_Data for the task_.
┌──
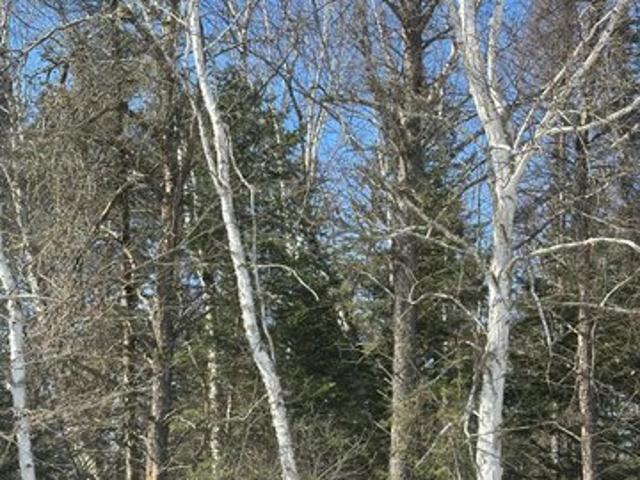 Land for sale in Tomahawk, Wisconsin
└──
┌──
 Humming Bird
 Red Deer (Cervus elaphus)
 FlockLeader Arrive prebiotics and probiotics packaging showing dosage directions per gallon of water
└──
┌──
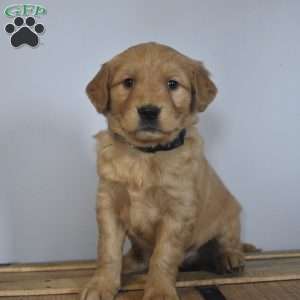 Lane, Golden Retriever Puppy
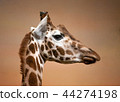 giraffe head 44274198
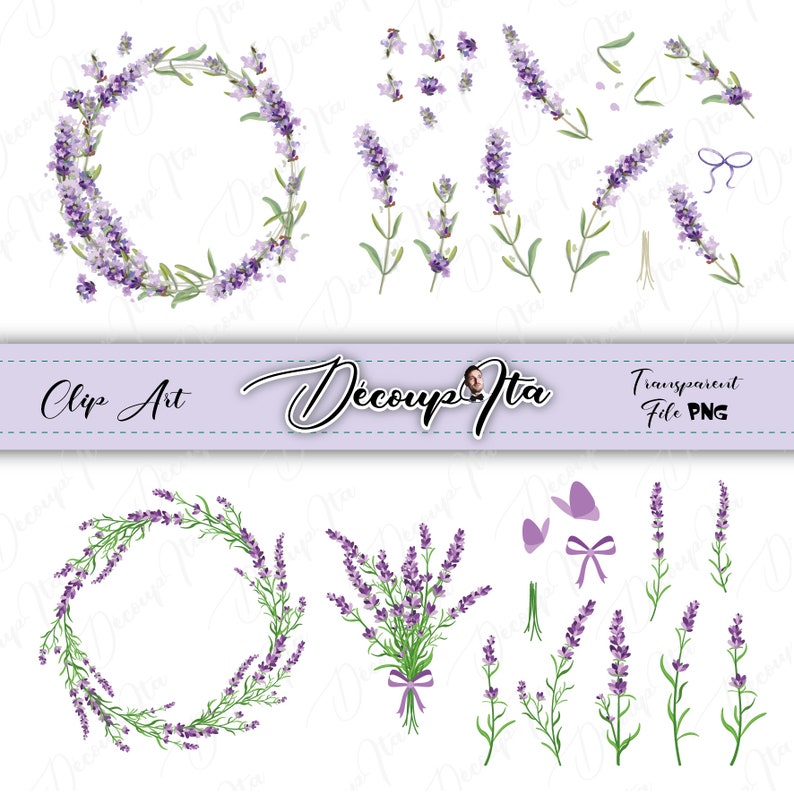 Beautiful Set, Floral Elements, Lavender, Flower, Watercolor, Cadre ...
└──
_What this task involves_.
From the listing above, repeat exactly the lines starting at the line that includes "Red Deer (Cervus elaphus)" and ending at the line that includes "FlockLeader Arrive prebiotics", with nothing outside that span.

_Answer for this exercise_.
 Red Deer (Cervus elaphus)
 FlockLeader Arrive prebiotics and probiotics packaging showing dosage directions per gallon of water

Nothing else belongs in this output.